Tara Betts. Arc & Hue. Detroit: Willow Books, 2009.
Tara Betts’s volume Arc & Hue rhythmically and thematically explores life in its varied experiences and personal struggles. Betts creatively portrays the tensions of negotiating the world and forging an identity. In a society in which skin color continues to determine perception, Betts reveals the feeling of betrayal of white people who mistakenly take the speaker as one of them, black people who envy her light skin and isolate her, and the painful knowledge that a mixed race woman can never fully satisfy all the expectations from distinct racial groups.

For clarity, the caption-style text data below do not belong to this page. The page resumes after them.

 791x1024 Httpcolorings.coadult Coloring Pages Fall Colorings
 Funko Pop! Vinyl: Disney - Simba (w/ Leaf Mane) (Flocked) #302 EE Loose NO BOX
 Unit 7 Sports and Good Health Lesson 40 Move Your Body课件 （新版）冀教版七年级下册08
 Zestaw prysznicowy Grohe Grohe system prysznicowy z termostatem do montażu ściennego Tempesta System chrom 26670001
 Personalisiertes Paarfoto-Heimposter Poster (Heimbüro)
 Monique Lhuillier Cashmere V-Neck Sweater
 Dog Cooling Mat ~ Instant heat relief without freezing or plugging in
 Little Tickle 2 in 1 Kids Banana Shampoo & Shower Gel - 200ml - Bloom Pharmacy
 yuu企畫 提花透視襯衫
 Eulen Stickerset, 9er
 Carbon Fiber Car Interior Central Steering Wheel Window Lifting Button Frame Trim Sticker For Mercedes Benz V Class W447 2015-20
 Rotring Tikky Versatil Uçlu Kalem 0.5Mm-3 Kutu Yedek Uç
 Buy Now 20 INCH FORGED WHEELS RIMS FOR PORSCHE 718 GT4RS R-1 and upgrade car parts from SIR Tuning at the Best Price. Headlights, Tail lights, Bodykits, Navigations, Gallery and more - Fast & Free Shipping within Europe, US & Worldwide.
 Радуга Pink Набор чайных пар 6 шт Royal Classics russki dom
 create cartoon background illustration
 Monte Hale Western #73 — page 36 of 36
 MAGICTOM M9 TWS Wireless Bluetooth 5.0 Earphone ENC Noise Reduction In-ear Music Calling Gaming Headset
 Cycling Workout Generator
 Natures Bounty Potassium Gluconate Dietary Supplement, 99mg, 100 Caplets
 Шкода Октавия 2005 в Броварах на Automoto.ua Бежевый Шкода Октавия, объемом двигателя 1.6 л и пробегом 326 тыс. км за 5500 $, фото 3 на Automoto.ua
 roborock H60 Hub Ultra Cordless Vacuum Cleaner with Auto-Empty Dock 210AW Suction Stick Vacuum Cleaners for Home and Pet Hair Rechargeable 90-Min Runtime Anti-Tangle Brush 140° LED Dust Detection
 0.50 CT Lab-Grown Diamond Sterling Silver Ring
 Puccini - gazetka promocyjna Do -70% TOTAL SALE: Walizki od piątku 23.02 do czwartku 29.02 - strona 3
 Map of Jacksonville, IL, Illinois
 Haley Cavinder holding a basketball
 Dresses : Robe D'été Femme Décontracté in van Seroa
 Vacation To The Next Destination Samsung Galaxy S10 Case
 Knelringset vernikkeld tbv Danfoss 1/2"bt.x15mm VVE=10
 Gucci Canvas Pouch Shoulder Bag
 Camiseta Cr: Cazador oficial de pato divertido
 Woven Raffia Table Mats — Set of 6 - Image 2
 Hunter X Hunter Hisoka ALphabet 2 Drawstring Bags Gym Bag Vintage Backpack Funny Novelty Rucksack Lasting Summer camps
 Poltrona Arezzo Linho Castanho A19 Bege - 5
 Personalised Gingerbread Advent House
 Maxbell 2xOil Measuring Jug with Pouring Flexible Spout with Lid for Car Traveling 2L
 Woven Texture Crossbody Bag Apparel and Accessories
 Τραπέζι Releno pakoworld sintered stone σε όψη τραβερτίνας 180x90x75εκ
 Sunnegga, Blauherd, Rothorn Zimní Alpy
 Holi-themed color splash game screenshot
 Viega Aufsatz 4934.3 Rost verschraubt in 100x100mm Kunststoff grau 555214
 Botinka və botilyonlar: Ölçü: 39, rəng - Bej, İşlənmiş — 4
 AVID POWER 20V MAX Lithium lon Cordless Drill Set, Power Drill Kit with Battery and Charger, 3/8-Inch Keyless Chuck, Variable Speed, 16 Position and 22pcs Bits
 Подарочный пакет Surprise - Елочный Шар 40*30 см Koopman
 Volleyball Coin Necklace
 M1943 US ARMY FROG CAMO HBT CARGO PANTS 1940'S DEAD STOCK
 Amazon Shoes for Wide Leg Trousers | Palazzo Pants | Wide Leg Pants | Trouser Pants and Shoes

In Betts’s “What It’s Like to Be a Mixed Girl (For those of You Who Aren’t),” the speaker reveals the struggles of a girl who is “torn between tragic paths.” Other girls do not accept her because they “see / stuck up high yellow bitch / stamped on your breath,” while men pursue her because “damn I thought you was white / then asking for your number.” The speaker’s light skin is considered beautiful or preferable; however, this does not inspire the love or adoration of her peers. Rather, it alienates her as she is devalued by envious women and valued by men only for her association with white skin.
She cannot embrace being white, or attempt to “pass,” because then “waking up your voice reminds you / You’re Black.” Because our society still regularly presents blackness as a problem or negative especially in comparison to whiteness, the speaker finds herself in difficult positions and left to create her own sense of identity that defies the confusion and troubled misperceptions of her world.